Among 15 121 639 individuals, there were 765 346 emergency department visits attributable to alcohol use over the study period. Between 2003 and 2016, the age-standardized rates of these visits increased more in women (86.5%) than in men (53.2%), and the increase in rates of emergency department visits attributable to alcohol use was 4.4 times greater than the increases in the rates of overall emergency department visits. Individuals aged 25-29 years experienced the largest change in the rate of emergency department visits attributable to alcohol use (175%). We found evidence of age-cohort effects, whereby the rate of emergency department visits attributable to alcohol use at age 19 years increased on average by 4.07% (95% confidence interval [CI] 3.71%-4.44%) per year for each cohort born between 1986 and 1999. Individuals in the lowest neighbourhood income quintile had 2.37 (95% CI 2.27-2.49) times the rate of emergency department visits attributable to alcohol use than those in the highest income quintile.

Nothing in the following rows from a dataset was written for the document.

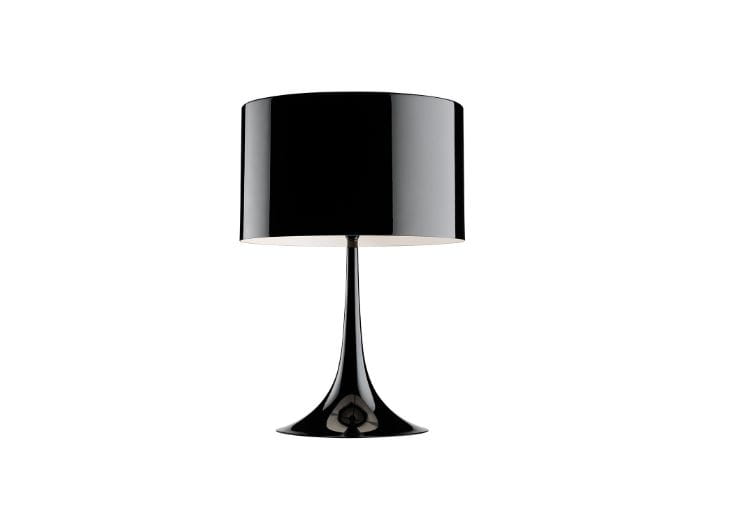 FLOS lampa stołowa SPUN LIGHT T1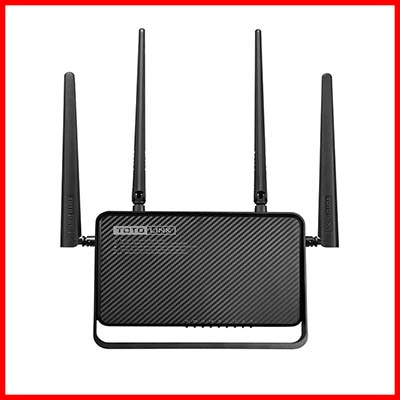 Totolink A3000RU Wireless WiFi Router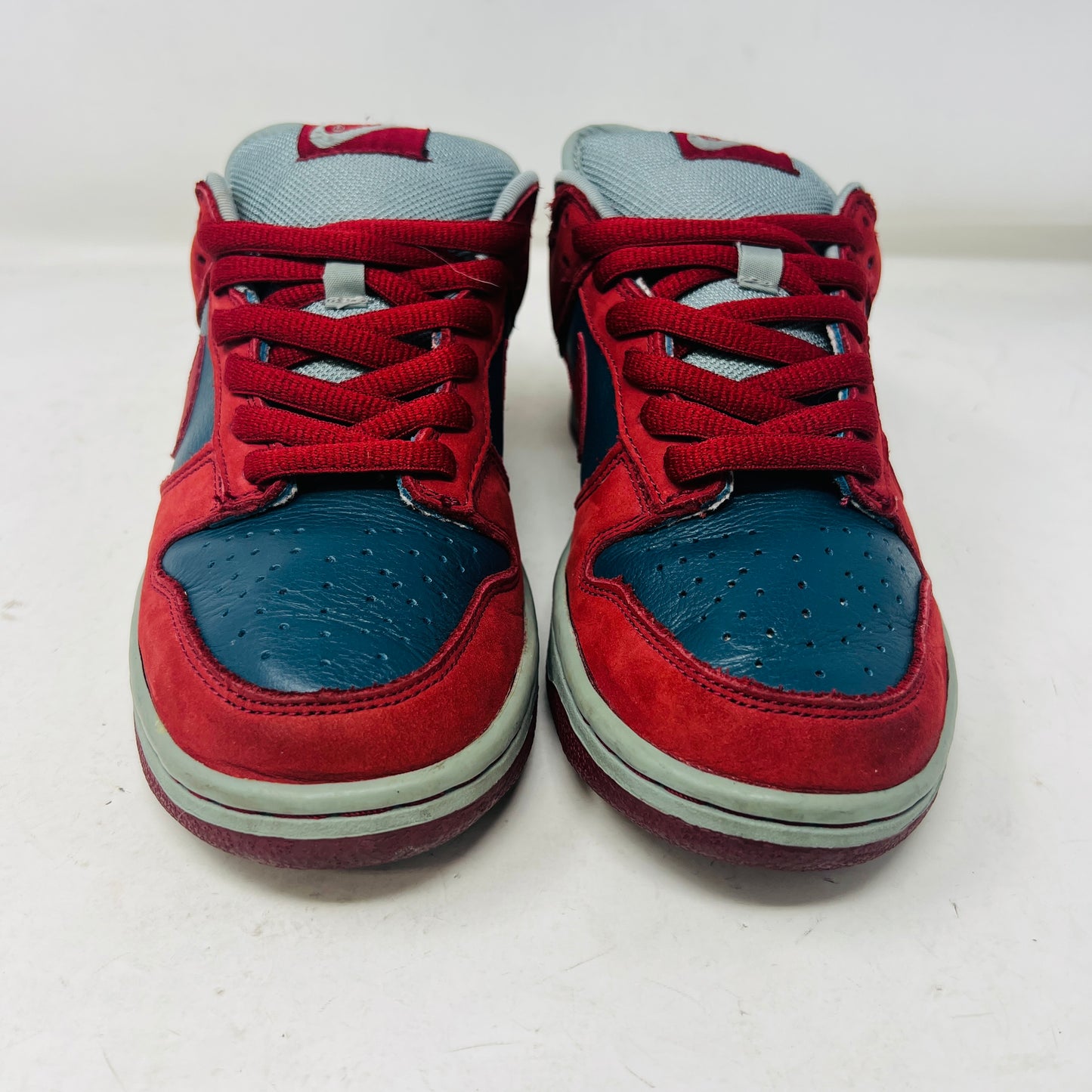 Nike SB Dunk Low Shark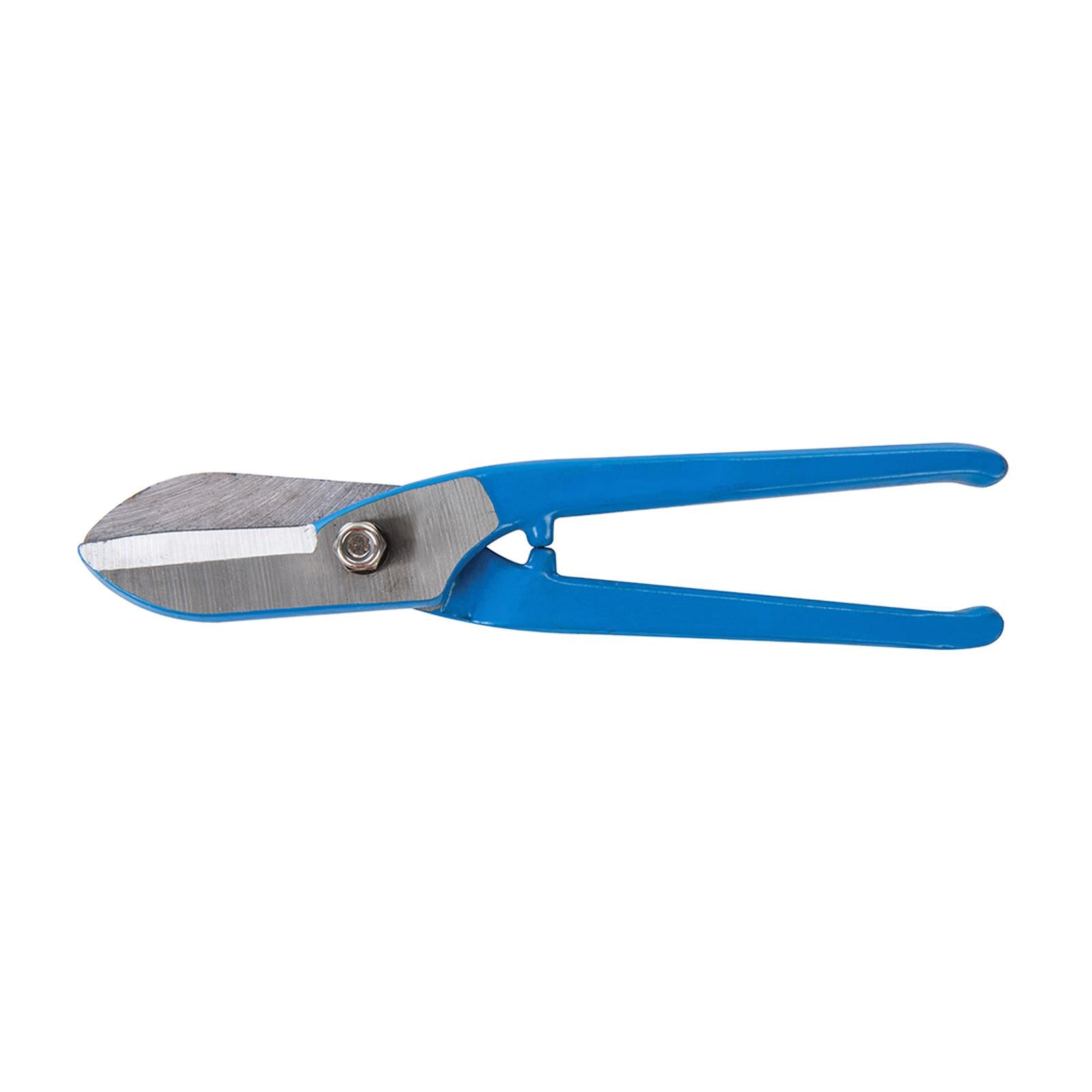 Tin Snips 300mm Sheet Metal Cutting Cutter Shear Workshop Garage DIY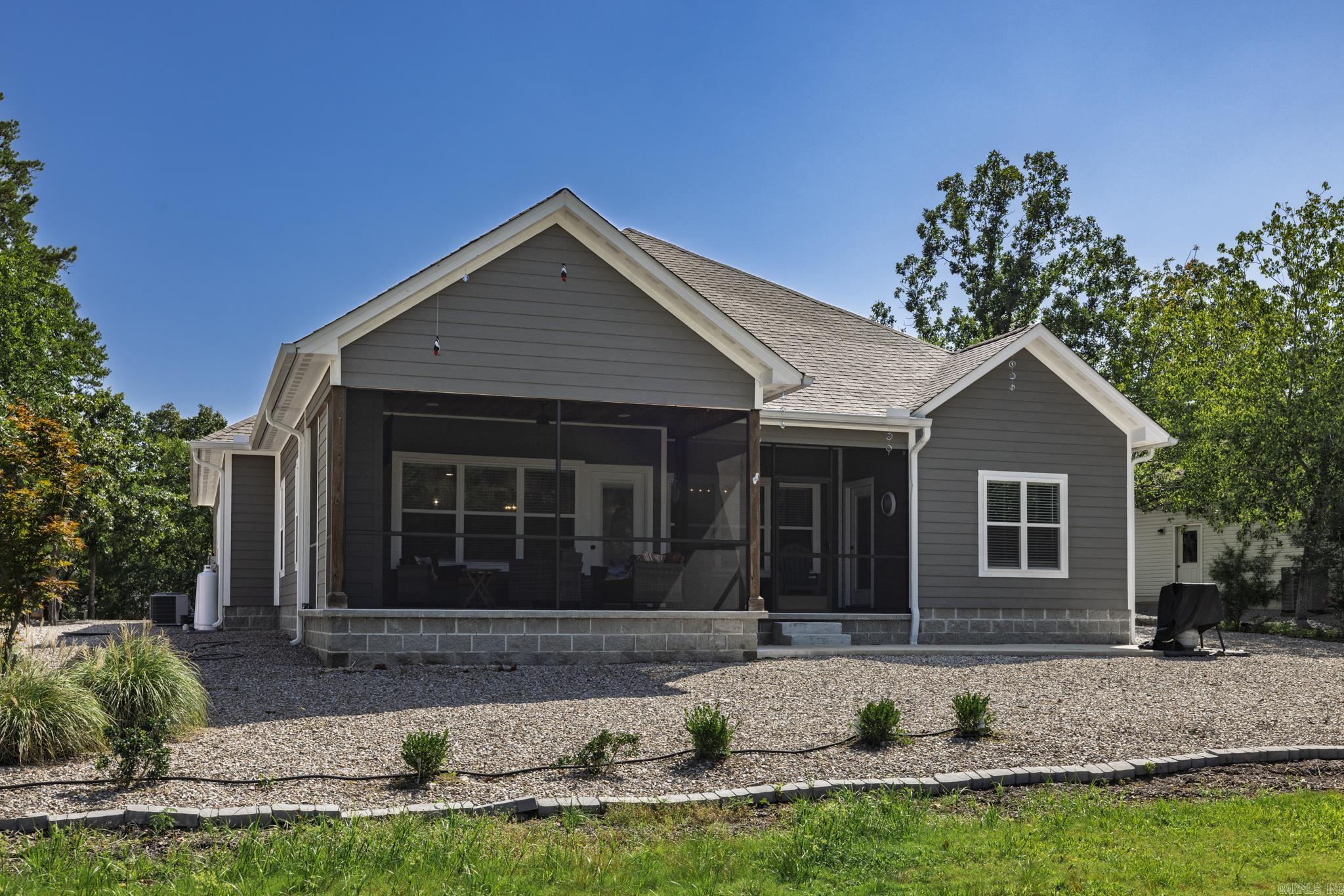 171 Cifuentes  Hot Springs Village, AR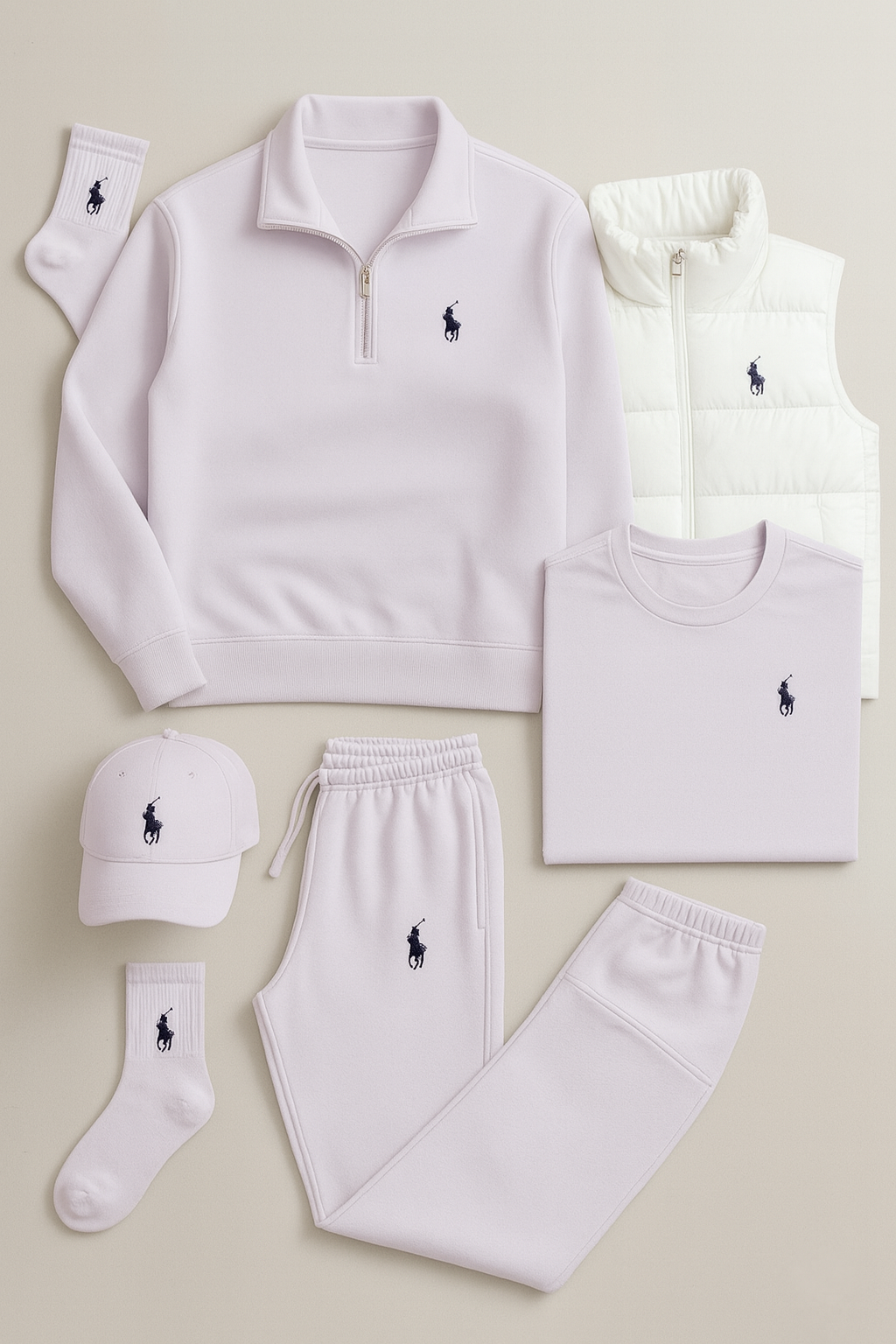 Le Quotidien Rl | Limited Edition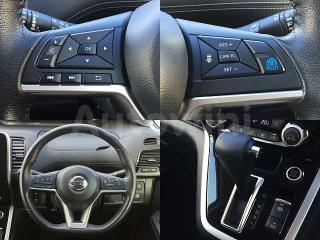 GFC27019732 2016 NISSAN SERENA-4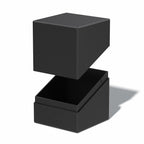 Productafbeelding Ultimate Guard Return to Earth Boulder 100+ - Zwart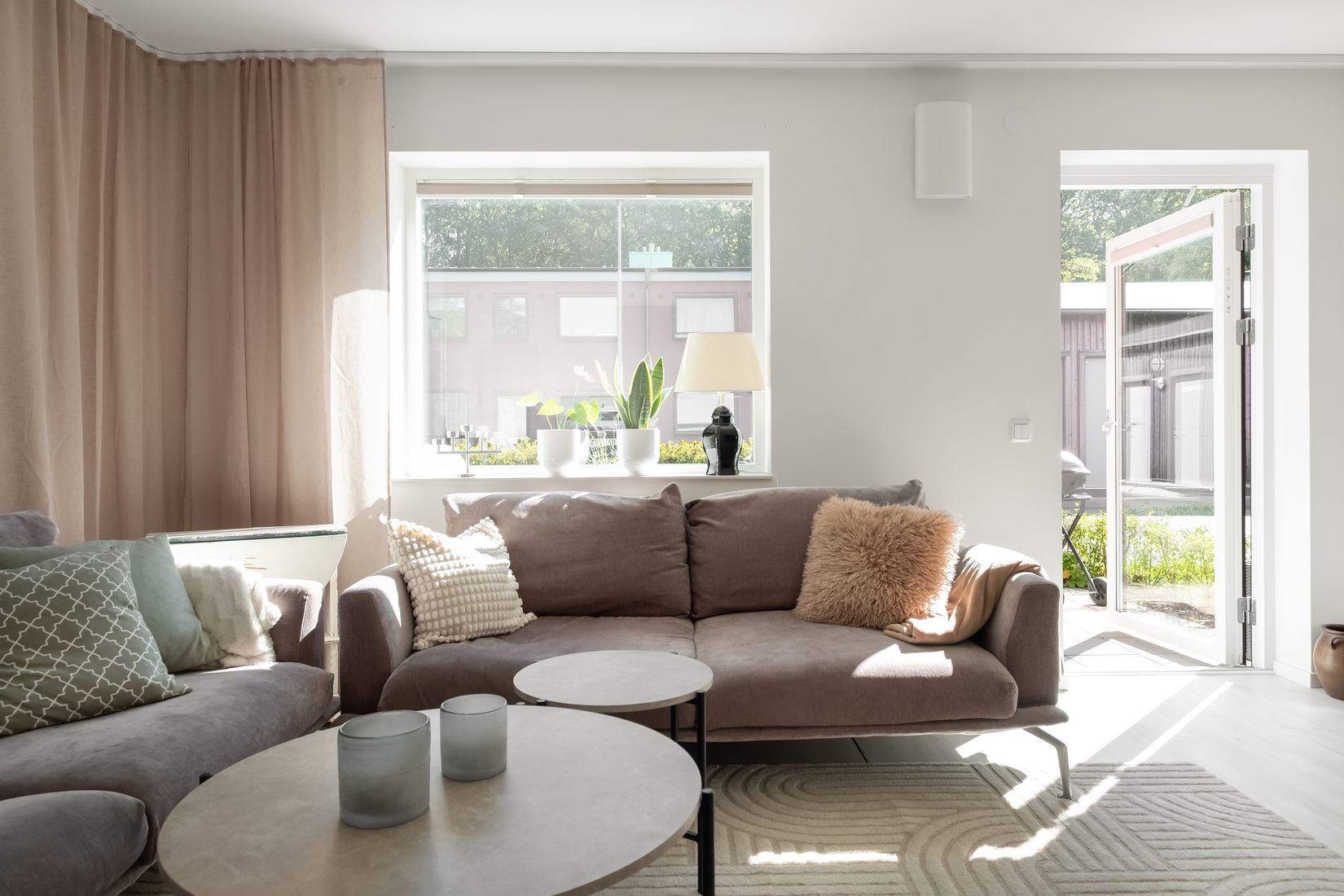 Bostadsrätt, Terapislingan 12E, Skogome, Göteborg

This disparity increased slightly over the study period.
Although men and lower-income individuals have the highest burden of emergency department visits attributable to alcohol use, the largest increases in visits have been in women and younger adults. Further research should focus on potential causes of these trends to provide guidance on how to reduce alcohol-related harms.
饮酒给加拿大人的健康带来了沉重负担,而且在许多高收入国家,与酒精相关的危害似乎正在增加。我们试图分析随时间推移,因饮酒而导致的急诊就诊人数变化,分析指标包括性别、年龄和社区收入。
本研究纳入了 2003 年至 2016 年期间居住在加拿大安大略省的所有 10 至 105 岁人群。主要结局是使用加拿大健康信息研究所健康指标“完全由酒精引起的住院治疗”中的诊断代码定义的因饮酒而导致的急诊就诊的年龄标准化率。我们使用回顾性人群水平设计比较了这些就诊率。
在 15121639 人中,研究期间因饮酒而导致的急诊就诊有 765346 次。2003 年至 2016 年期间,女性的就诊率年龄标准化增幅(86.5%)高于男性(53.2%),因饮酒而导致的急诊就诊率增幅是同期整体急诊就诊率增幅的 4.4 倍。25-29 岁人群因饮酒而导致的急诊就诊率变化最大(175%)。我们发现了年龄队列效应的证据,即 19 岁时因饮酒而导致的急诊就诊率平均每年随每批出生于 1986 年至 1999 年的队列增加 4.07%(95%置信区间[CI] 3.71%-4.44%)。收入最低的五分之一社区的个体因饮酒而导致的急诊就诊率是收入最高的五分之一社区的个体的 2.37 倍(95%CI 2.27-2.49)。这一差距在研究期间略有增加。
尽管男性和低收入个体因饮酒而导致的急诊就诊负担最重,但就诊人数增加最多的是女性和年轻人。进一步的研究应重点关注这些趋势的潜在原因,为如何减少与酒精相关的危害提供指导。